» **Your assignment**
Your task is to copy the lines of the data below from the line holding "SPITZ LOUP 028" through the line holding "Terra Bloom Ginger", inclusive, exactly and with nothing added.

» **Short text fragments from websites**
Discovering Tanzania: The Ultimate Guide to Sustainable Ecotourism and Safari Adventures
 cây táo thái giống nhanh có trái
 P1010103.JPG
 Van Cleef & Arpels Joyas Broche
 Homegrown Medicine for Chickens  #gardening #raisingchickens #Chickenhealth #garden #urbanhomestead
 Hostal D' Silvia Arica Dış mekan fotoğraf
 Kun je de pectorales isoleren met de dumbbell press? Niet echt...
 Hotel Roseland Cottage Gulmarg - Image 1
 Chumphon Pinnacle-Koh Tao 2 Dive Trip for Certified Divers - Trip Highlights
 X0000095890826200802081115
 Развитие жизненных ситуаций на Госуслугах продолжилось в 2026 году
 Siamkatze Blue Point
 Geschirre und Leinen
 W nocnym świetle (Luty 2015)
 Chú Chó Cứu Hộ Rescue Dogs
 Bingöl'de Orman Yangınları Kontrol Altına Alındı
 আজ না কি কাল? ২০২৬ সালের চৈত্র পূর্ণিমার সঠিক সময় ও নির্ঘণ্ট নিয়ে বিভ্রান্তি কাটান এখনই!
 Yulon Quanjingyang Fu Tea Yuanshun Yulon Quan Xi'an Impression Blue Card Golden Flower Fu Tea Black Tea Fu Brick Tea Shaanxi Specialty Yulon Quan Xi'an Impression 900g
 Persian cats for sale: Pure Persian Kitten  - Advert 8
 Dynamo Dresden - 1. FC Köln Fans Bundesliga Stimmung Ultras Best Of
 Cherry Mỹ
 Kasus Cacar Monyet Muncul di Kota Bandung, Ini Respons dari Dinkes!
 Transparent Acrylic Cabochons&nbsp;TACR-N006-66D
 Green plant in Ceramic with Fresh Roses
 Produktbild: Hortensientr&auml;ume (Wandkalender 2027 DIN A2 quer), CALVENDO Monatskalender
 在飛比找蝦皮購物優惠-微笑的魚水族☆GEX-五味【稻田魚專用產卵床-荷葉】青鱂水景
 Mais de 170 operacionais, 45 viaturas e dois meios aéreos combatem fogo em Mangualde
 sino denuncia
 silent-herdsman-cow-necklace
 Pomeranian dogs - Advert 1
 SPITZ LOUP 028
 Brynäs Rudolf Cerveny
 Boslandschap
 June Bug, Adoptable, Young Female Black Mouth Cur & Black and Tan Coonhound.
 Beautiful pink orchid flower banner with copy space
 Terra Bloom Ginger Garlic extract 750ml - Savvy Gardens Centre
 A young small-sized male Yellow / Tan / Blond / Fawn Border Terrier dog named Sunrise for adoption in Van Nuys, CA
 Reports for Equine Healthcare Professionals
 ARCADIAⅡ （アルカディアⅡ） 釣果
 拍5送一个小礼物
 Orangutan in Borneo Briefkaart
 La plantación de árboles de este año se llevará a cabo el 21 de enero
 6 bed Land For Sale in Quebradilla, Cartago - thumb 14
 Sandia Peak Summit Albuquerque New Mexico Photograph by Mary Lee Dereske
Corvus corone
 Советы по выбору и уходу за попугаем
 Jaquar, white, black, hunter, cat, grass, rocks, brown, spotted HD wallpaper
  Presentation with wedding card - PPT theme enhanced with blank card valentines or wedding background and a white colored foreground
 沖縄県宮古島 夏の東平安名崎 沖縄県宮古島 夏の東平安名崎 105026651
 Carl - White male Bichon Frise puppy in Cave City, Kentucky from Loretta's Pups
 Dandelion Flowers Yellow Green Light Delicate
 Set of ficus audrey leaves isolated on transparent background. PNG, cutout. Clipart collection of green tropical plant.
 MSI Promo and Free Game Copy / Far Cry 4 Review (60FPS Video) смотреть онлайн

» **Your response**
 SPITZ LOUP 028
 Brynäs Rudolf Cerveny
 Boslandschap
 June Bug, Adoptable, Young Female Black Mouth Cur & Black and Tan Coonhound.
 Beautiful pink orchid flower banner with copy space
 Terra Bloom Ginger Garlic extract 750ml - Savvy Gardens Centre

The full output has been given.